The Red Course is the counterclockwise routing of The Loop, and as the name suggests, both it and the Black Course play out to ninth holes at a far corner of the property, then back in. What’s most impressive in playing the Red (and the Black, for that matter), is that there is never the sensation of playing a hole backwards. The topography, bunkering and green entrances are all so compelling that it’s barely noticeable that each serves two purposes. The Loop is part of the Forest Dunes resort, which also contains Forest Dunes, a fine Tom Weiskopf design.
From Golf Digest Architecture Editor emeritus Ron Whitten:
As it exists today, I consider Orchard Lake Country Club to be a classic 1926 Hugh Alison design. But in the beginning, it was anything but that.
For one thing, back in the 1920s, landscape architect Lynn Lavis, a Syracuse graduate associated with the British design firm of H.S. Colt and C.H. Alison, and golf course contractor William Connellan (who also had a hand in designing several courses in Michigan), had a devil of a time building the course. When they staked out the layout according to Alison's plan, the 10th and 18th fairways were under 18 inches of water that had seeped over from an adjacent tamarack swamp.
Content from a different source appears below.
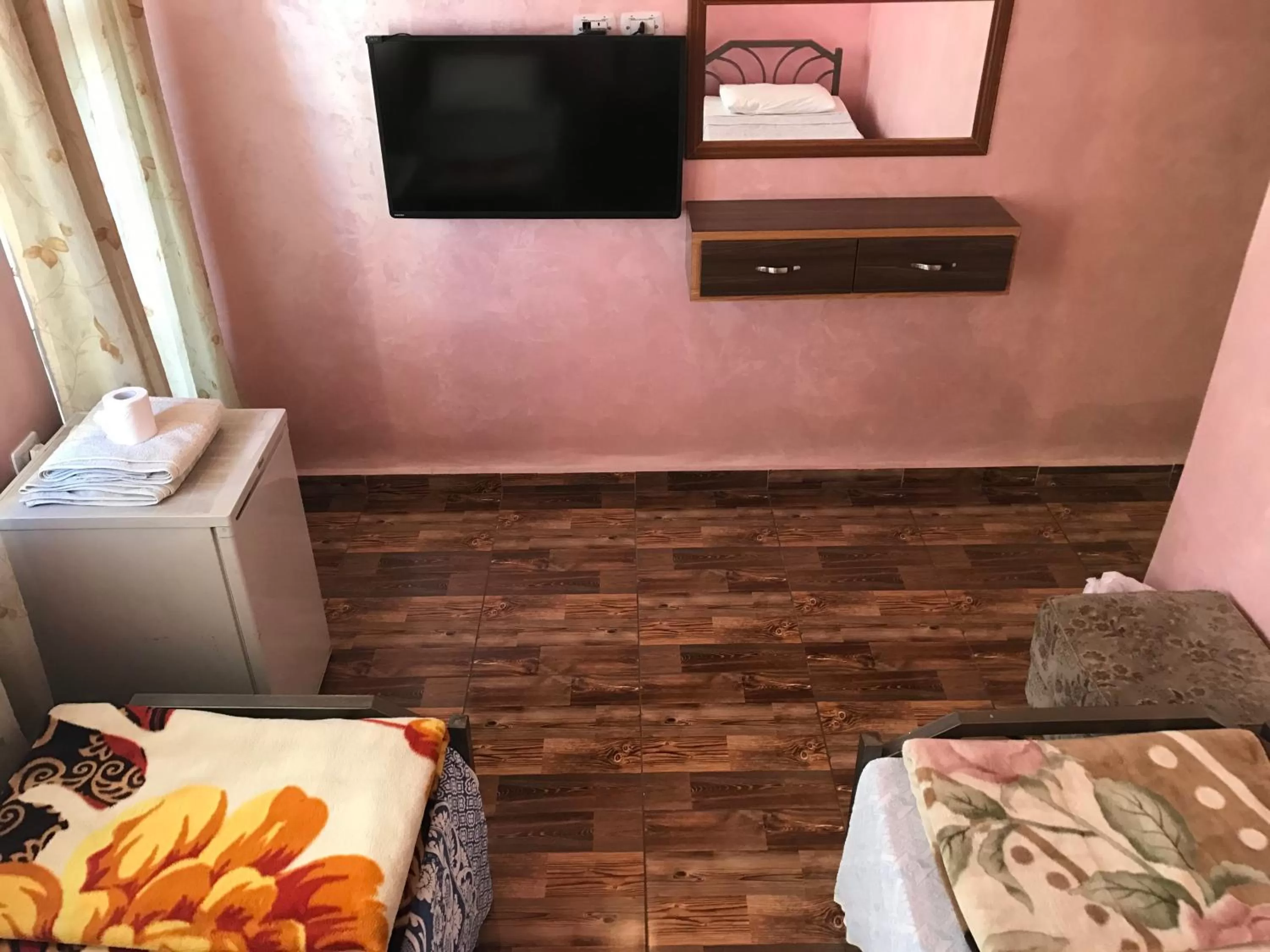 Sun Rise Hotel & Hostel & Tours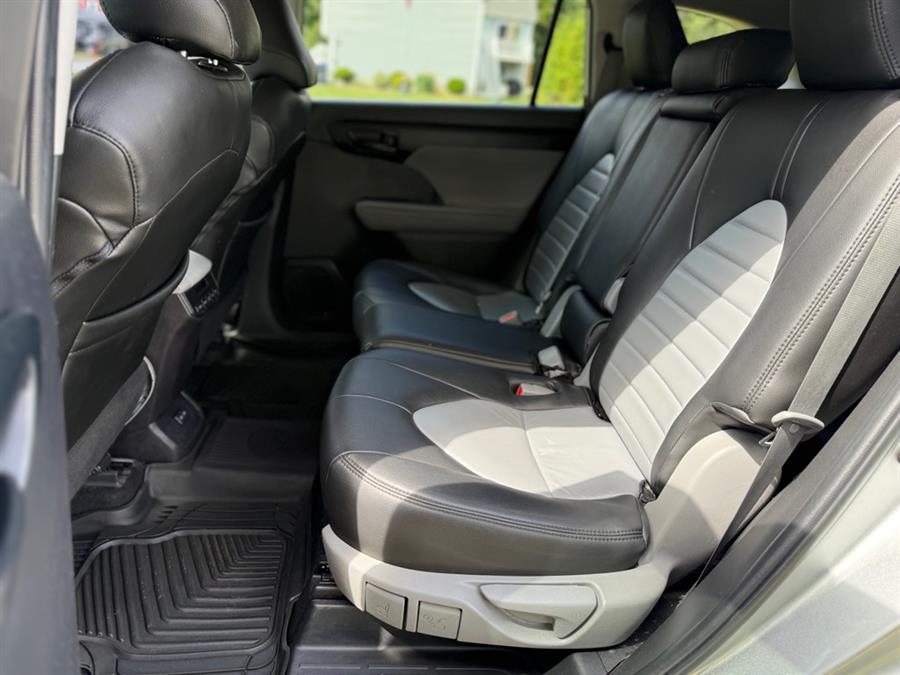 2022 Toyota Highlander L, available for sale in Lawrence, Massachusetts | Home Run Auto Sales Inc. Lawrence, Massachusetts 2022 Toyota Highlander L, available for sale in Lawrence, Massachusetts | Home Run Auto Sales Inc. Lawrence, Massachusetts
They pumped and pumped and installed thousands of feet of tile drains to reclaim some dry land. Then another issue was encountered with the swamp in which the 17th green was to be built. Alison had planned the hole to be a par-5 with an island green, but after dumping tons upon tons of soil into the swamp to form a green pad, the proposed green sank into the morass. So the 17th hole became a par 4, and I'm not certain Alison knew about that in advance.